Like the mythological beings she depicts, Bay Area artist Masako Miki is always changing form.
A painter and sculptor who’s worked with bronze, vinyl, wool, washi paper and more, Miki’s upcoming exhibition at Institute of Contemporary Art San Jose, titled Shapeshifters, will feature a facade on the front of the museum, the newest installment in ICA’s Facade Project. The mural takes its title Night Parade of 100 Demons from an event in Japanese folklore where hundreds of yokai—often translated as spirits or deities who take on humanoid and animal forms—flood the streets, causing pandemonium.
Miki describes some of the yokai who populate her watercolors and sculptures: the fox, for example, is a well-known trickster and protector. Some yokai are spirits of items that have been discarded, such as “a cherished plate that you love, or textile handed down as an heirloom…objects people use every day for a long time. They look like they’ve been thrown away, and then they get up and march together.”
The Shapeshifters show incorporates a menagerie of media to tell an ancient story, including an AR component where viewers can watch yokai animate on their screens. Miki is also using neon for the first time, collaborating with local neon studio She Bends, a women-led organization that also leads workshops and educational programs. She Bends’ founder Meryl Pataky will help Miki execute a piece inspired by the sign for San Jose’s first Japanese-owned business in 1929, Ideal Laundry in Japantown. Like the yokai of old beloved objects, Miki’s neon sign re-animates an original anchor of the historic neighborhood.
A 2001 graduate of SJSU’s MFA program, Miki has fond memories of Japantown from her time as a student.
“I lived by there, I bartended part-time at 7Bamboo…and I sang, but not well,” Miki laughs as she recalls her stint at the long-standing karaoke bar. “I really enjoyed the diversity of the city. San Jose, in a sense, it really represents the Bay Area. Many immigrants live there, and it’s a huge part of it.”
However, as the years progressed, the artist noticed a rise in the city’s income inequality, which she first became aware of while in school.
“I remember looking for food and it was hard to find something between $50 meals and fast food,” Miki says. “I met so many incredible people in school here. I really enjoyed the diversity of the city. [But] it’s becoming more pronounced that there’s no middle class in San Jose.”
While at SJSU, Miki enjoyed the size of the program for the variety of people she met and the paths they followed. Her on- and off-campus education planted the thematic seeds she’d explore with Shapeshifters years later, of individual and communal identities and the ways we adapt them.
At the project’s outset Miki says it “started as more [of an] identity question.” She began developing Shapeshifters and exploring yokai in 2016, as part of a wider research venture into the cultural heritage of her native Japan.
“You can’t really categorize them.

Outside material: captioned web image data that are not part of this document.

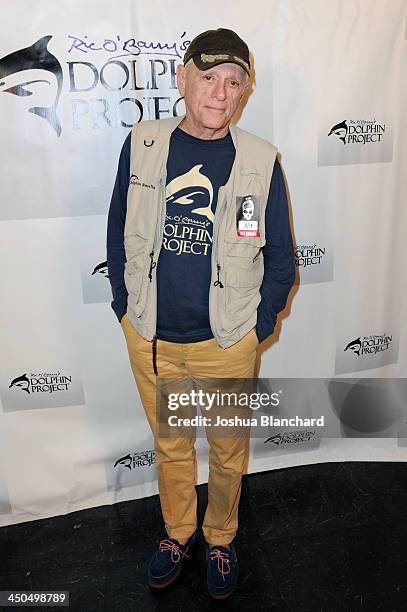 Dolphin Activist Ric O'Barry arrives at the Avalon for Kings of Chaos Tokyo Celebrates The Dolphin Benefit Concert on November 18, 2013 in Hollywood,...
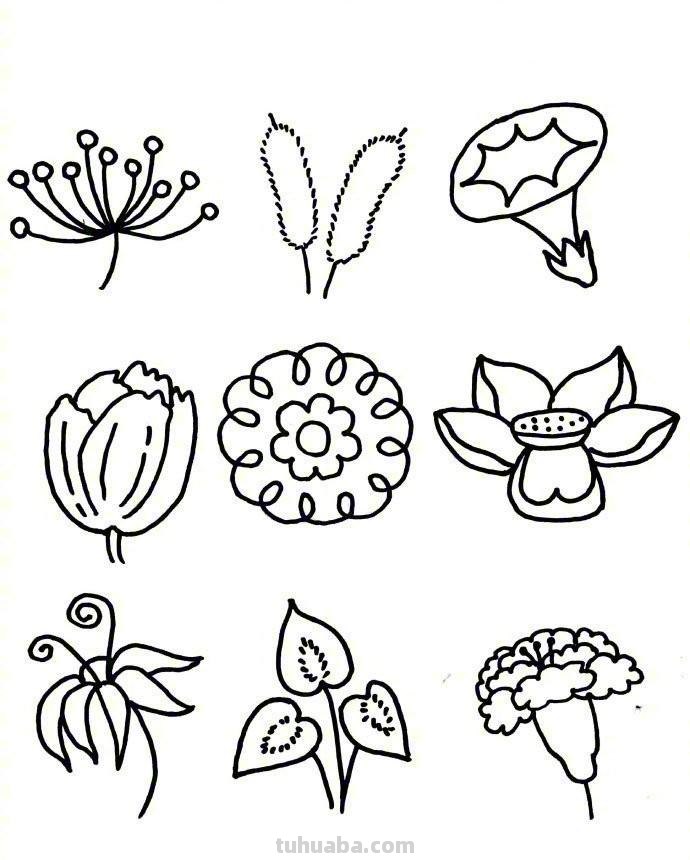81种花卉绿植简笔画素材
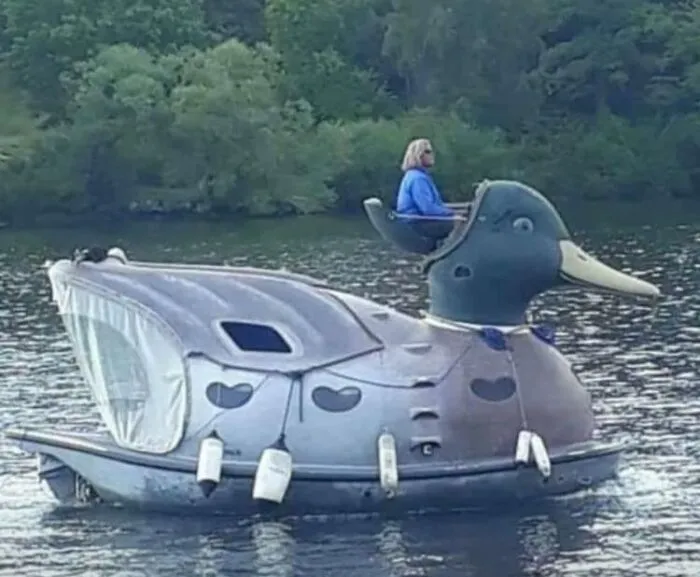 50 "Cursed" Pictures Shared By The 'Birds With Threatening Auras' Online Page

They’re not human, they’re not gods…they’re somewhat deities, and then they become objects. The fluidity echoes, to me, how I survive by shapeshifting, to navigate this contemporary time. We have fictions—politics and social agendas—that dictate our reality, but our reality isn’t a fiction, it causes real pain. So I feel like we need to rebuild our mythologies.”
In today’s cycle of relevance and obsolescence, the idea of an object’s inherent spirituality carries a particular poignancy, a valuable reminder to reconsider what (and who) society considers disposable. While San Jose morphs and squeezes out its middle class, there’s still the possibility to shift into a more equitable city. Key to this transformation is recognizing qualities that have been there all along.
“I really believe that shapeshifting and being fluid is the only way to survive in this rapidly changing society. Everything is somewhat uncertain for us now, but I think it’s an opportunity to become something unexpected.”